[thesuitonym]

> I think a lot of people use products like LastPass because it makes storing passwords easier. Works on mobile, computer, tablet. Pretty good experience tbh.

> With something like LastPass it's also much easier to create unique strong passwords for other sites.

Sure, but LastPass, in addition to being the least secure option, doesn't even have a good user interface, and it's expensive. There are dozens of other password managers out there, each one better than LastPass in every way.

[Arainach]

Doing the research takes time and energy.

Switching takes time and energy.

Changing all your passwords after you switch so they aren't potentially exposed in the next LastPass break takes time and energy.

People have a lot of things going on and have to make a decision about whether the risk justifies the effort.

Then there's feature gaps. LastPass is available on all platforms, has convenient sharing, a good story for emergency recovery if I'm incapacitated and want family to get access to things, and support for 2FA options such as Yubikey. Most competitors lack at least some of those, which is an issue if you're relying on them.
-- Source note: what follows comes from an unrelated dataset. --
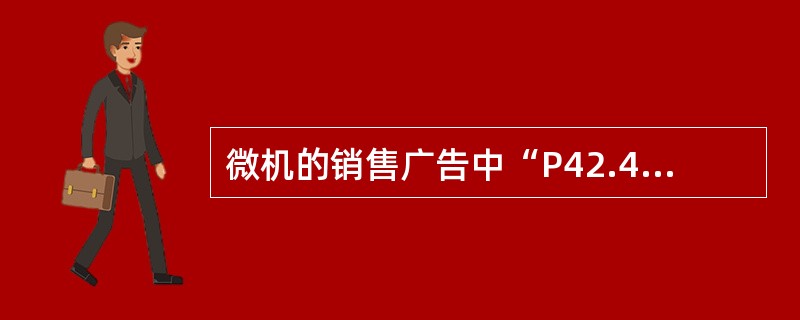 微机的销售广告中“P42.4G/256M/80G”中的2.4G是表示（　　）。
Personally, I left Lastpass for 1Password several breaches ago, but it took me a couple weeks of research to decide where to move to, at least a week of changing passwords on sites afterwards, and however much time and energy it took me to help others who I share credentials with switch at the same time.

[fragmede]

Password managers are entirely a UX problem waiting to be solved better. Every time I hit a UX bug with my password manager, I mutter that I could do fix that, and then know that mine would also be worse in so many ways just to reach parity. What I wish is there was a public bug tracker of UX issues/optimizations that I, and the rest of the world, could log ideas to. Password managers are such a good idea but they all need just that much more work to be seamless.

[scottlamb]

Can you give me an example of a UX problem that you attribute to the password manager? That'd help me understand.

I often hit problems with 1Password's autofill on particular websites, but by and large I blame the website. Few examples:

* one website expects me to type the PIN then a Symantec VIP OTP token into a single field called "password". That's a (possibly deliberately) password manager-hostile design. I finally got annoyed with it enough to use an open source project called `python-vipaccess` to create a proper `otpauth://totp/...` URL I could add into 1Password and wrote a TamperMonkey script that added separate autofillable fields that would get concatenated automatically. Now 1Password works fine.
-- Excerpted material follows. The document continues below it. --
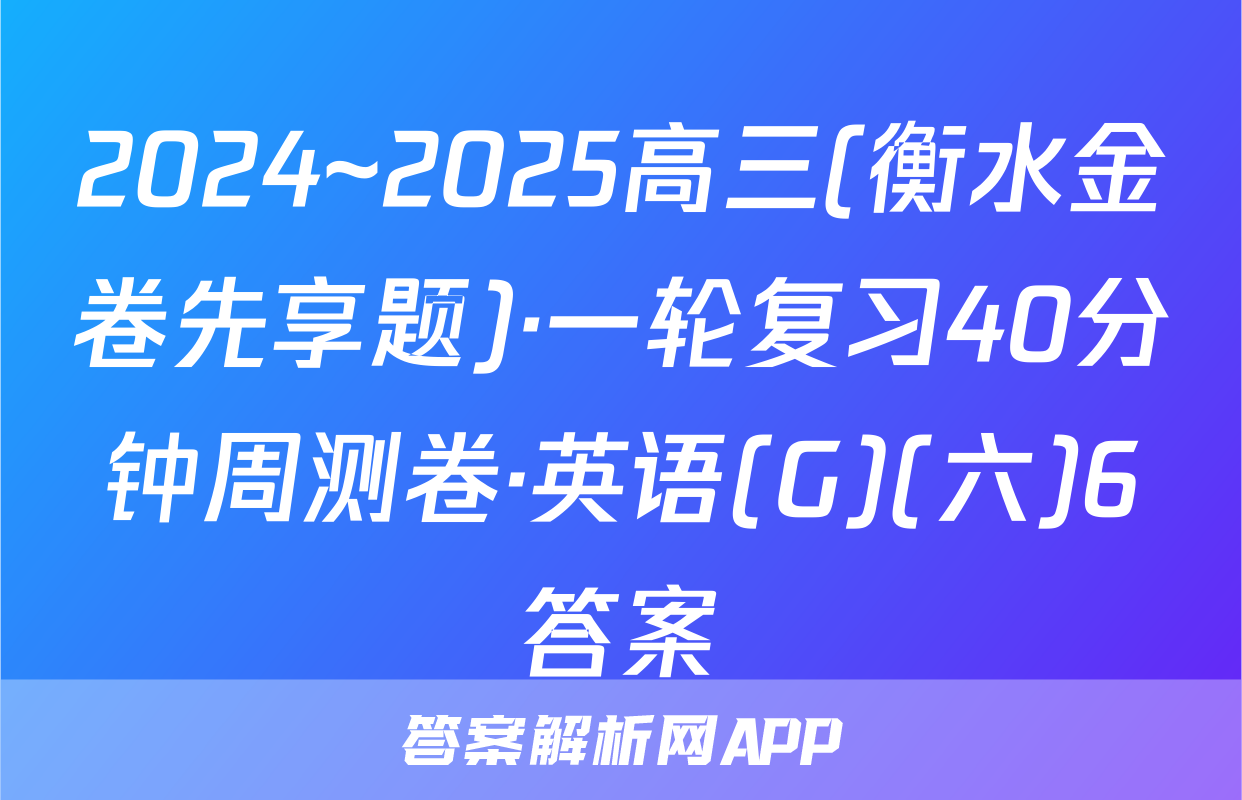 2024~2025高三(衡水金卷先享题)·一轮复习40分钟周测卷·英语(G)(六)6答案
* frequently websites will complain about needing a valid credit card number after autofill. I have to go to the field, delete the last digit, add it back, tab away, then it works. I think they have just used the wrong event handlers and never tested it with autofill.

* they often will skip `autocomplete="new-password"` attributes, so my password manager will look for a (nonexistent) current password rather than prompting me for a new one, and/or they won't have the username and new password fields ever in the DOM at the same time so the password manager doesn't save it properly. (Even if it makes sense in terms of user-visible flow to do these in sequence, they can still leave the username in as a hidden form element for the benefit of the password manager.)

I've also hit UX problems in 1Password itself, for example the "quick access" pop-up doesn't reliably appear on the current Space in macOS. (Confusing and annoying to have to switch to another to see it.) But they seem less common.